The government shutdown, which began on October 1 due to a Congressional spat over the Affordable Care Act, has ground the combined federal campaign (CFC) to a halt. Beyond that, it’s too soon to tell just how much will be lost from the workplace giving campaign for federal employees.
“I am not very clear with how the shutdown will affect the CFC, but that there’s no doubt in my mind that those who need government services the most – the underserved and marginalized – will be direly affected,” said Aaron Dorfman, executive director of National Committee for Responsive Philanthropy (NCRP) in Washington, D.C. Dorfman was a member of the CFC 50 Commission, convened in 2011 to examine and make recommendations to streamline and enhance the half-century old CFC.
The CFC raised $258 million for charities last year, down from $272.7 million in 2011 and a high of $282.6 million in 2009.
The Office of Personnel Management (OPM), which is responsible for the campaign’s oversight, was unavailable for comment. A message on its communications and public liaison line said the agency was unavailable to answer due to a lapse in appropriations, i.e. the shutdown.
Steve Taylor, vice president of public policy for Alexandria, Va.-based United Way Worldwide (UWW), said it’s not so much the loss of donations from the shutdown that will have the most effect. Rather, it will be “the impact of the federal employees’ mentality,” he said. “They’re going to be down, morale is going to be low, because if this (shutdown) extends for any length of time it’s going to hit them hard financially. Most federal employees are not making a ton of money, and most are giving all they can afford to give already.”
United Ways around the country administer most local CFC campaigns: 70 percent, according to a study produced by the Indiana University Lilly Family School of Philanthropy (formerly the Center on Philanthropy). “The disruption, because of the timing of the shutdown, is going to have some modest impact, but the impact on the employees’ state of mind will be the bigger impact,” said Taylor. CFCs run from September 1 to December 15, so administrators were in middle of their campaigns when federal employees stopped getting paid.

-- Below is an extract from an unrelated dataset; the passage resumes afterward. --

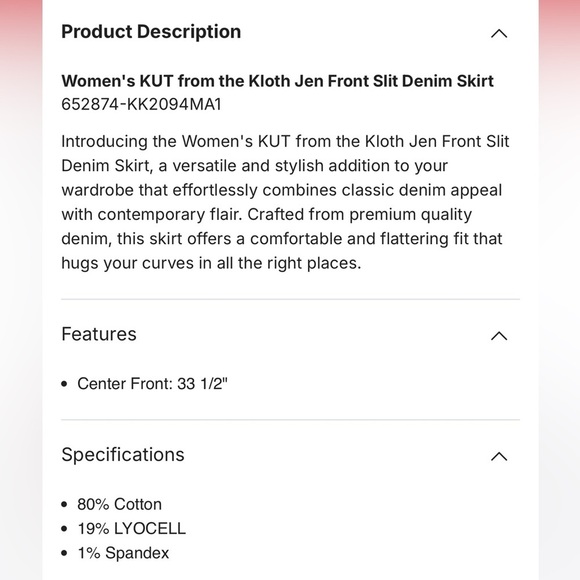 Women's KUT from the Kloth Jen Front Slit Denim Jean Raw Hem Skirt Size 16 - Picture 10 of 14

Taylor said UWW and its affiliates are preparing for an increase in demand for services from those same government workers who have been a reliable source of revenue for charity. “Some of these federal employees, maybe many, are living paycheck to paycheck,” he said. “You take away their paycheck and they may have trouble paying their rent, their mortgage, utilities, groceries. There’s some irony that this workforce, which has been a dedicated source of contributions to charities in their communities, will suddenly be asking those same charities for help. We owe them help.”
There have been government shutdowns during the presidential administrations of Jimmy Carter, Ronald Reagan, George H.W. Bush and Bill Clinton. The most recent lasted 26 days in 1995, and the longest was 28 days in 1977, according to America’s Charities. CFC revenue increased in all but one of those years.
“Historically, it’s the people who are disadvantaged the most who tend to give the most,” said Kalman Stein, president and CEO of EarthShare in Bethesda, Md., which administers the campaign in the National Capital Region. “They understand the value of a helping hand.” The National Capital Area CFC raised more than $61 million last year, making it the largest single source of unrestricted funds for area charities, according to Stein.
Stein, whose nonprofit also administers the campaign in New York City, said he was encouraged by early indications. “We were very excited,” he said. “We had some real momentum, and hopefully we’ll regain that.” But he said it depends on how long the shutdown lasts. Stein and Steve Delfin, president and CEO of America’s Charities in Chantilly, Va., both think federal employees will receive back pay lost during the shutdown, but there has been no official word. “A lot depends on if pay gets restored,” said Stein.
According to Stein, it’s up to the OPM whether the CFCs could be extended into January to make up for lost time and revenue. “The OPM is on the record saying they’re not in favor of extending the campaign, but that was pre-shutdown,” he said. “I would certainly hope they would consider it.”
Delfin said that his organization expected a 5 percent decrease in funds generated for member charities for this year’s CFC. America’s Charities originally predicted a 2 to 3 percent decrease because of sequestration furloughs, but revised the number once the government shut down.
The CFC is plagued by more problems than a government shutdown, contends Delfin. “(The OPM) seems to view it as something they have to do because it’s required by the executive order of the president,” he said. “OPM has lost track and they look at it as an auditing and compliance function. It’s still vitally important, but it could be so much more and so much better if the OPM could just view it as part and parcel of what they do for federal employees instead of as a segregated activity.”
Like Taylor, Delfin is worried on behalf of federal employees. “We need to be very aware that there will be federal employees looking for services themselves,” he said. “It’s the charities that provide services to families that will see these folks. Federal employees have been great contributors, so let’s make sure we’re looking out for them.”